The problem: Starting at the line that contains "istock A young", return every line through the end of the data exactly, without pictures.

Task input:
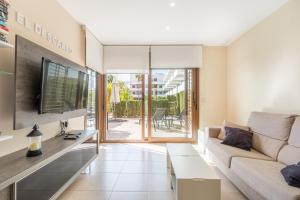 a living room with a couch and a tv at Terrazas de Campoamor Sunrise in Orihuela
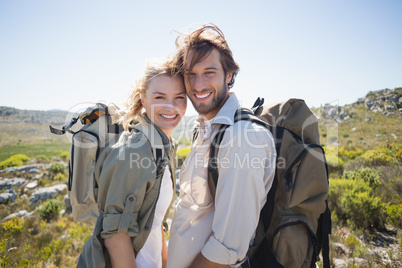 Hiking couple standing on mountain terrain smiling at camera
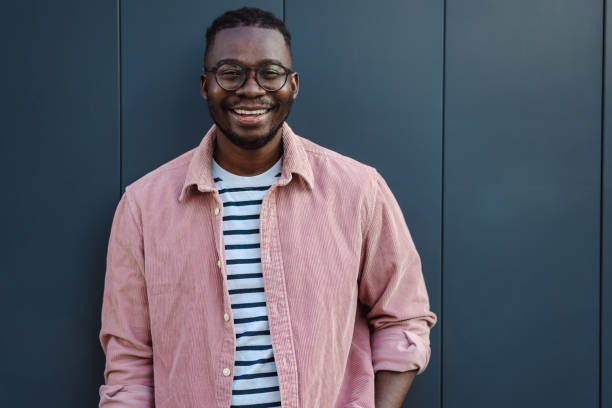 istock A young African-American man standing in front gray wall 1428078208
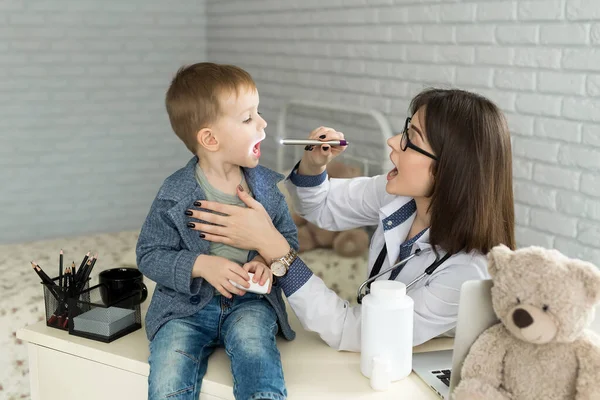 Ärzte untersuchen die Kehle der Kinder. Junge in Kinderarztpraxis — Stockfoto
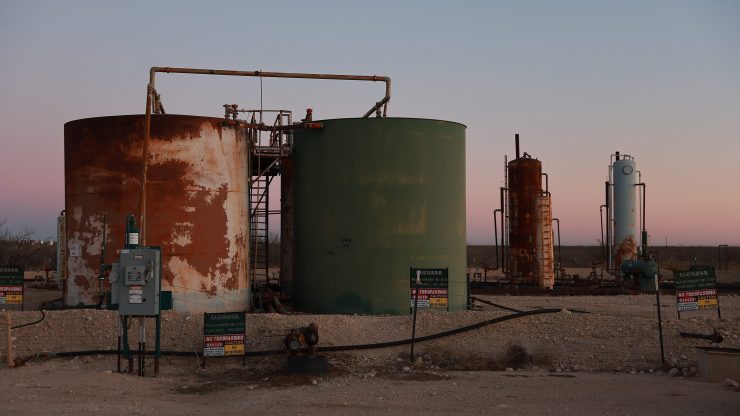 Storage tanks that are part of a system for holding waste water and crude oil are seen in Midland, Texas.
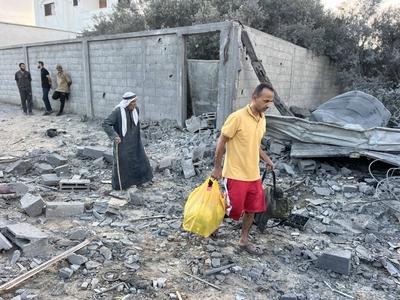 Palestinians assess the damage in the aftermath of an overnight Israeli strike that hit Nuseirat-stock-foto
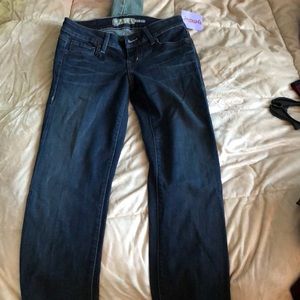 Slightly flared dark denim jeans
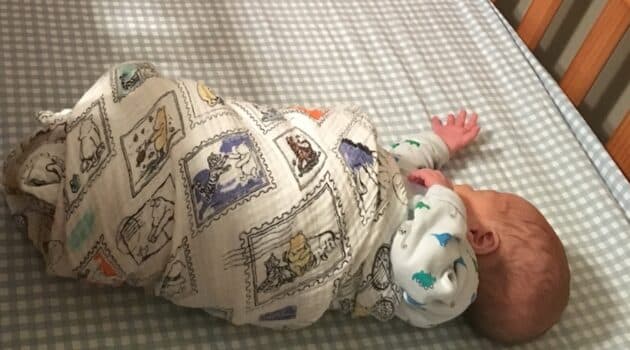 Baby wrapped in a blanket lies in crib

Written answer:
 istock A young African-American man standing in front gray wall 1428078208
 Ärzte untersuchen die Kehle der Kinder. Junge in Kinderarztpraxis — Stockfoto
 Storage tanks that are part of a system for holding waste water and crude oil are seen in Midland, Texas.
 Palestinians assess the damage in the aftermath of an overnight Israeli strike that hit Nuseirat-stock-foto
 Slightly flared dark denim jeans
 Baby wrapped in a blanket lies in crib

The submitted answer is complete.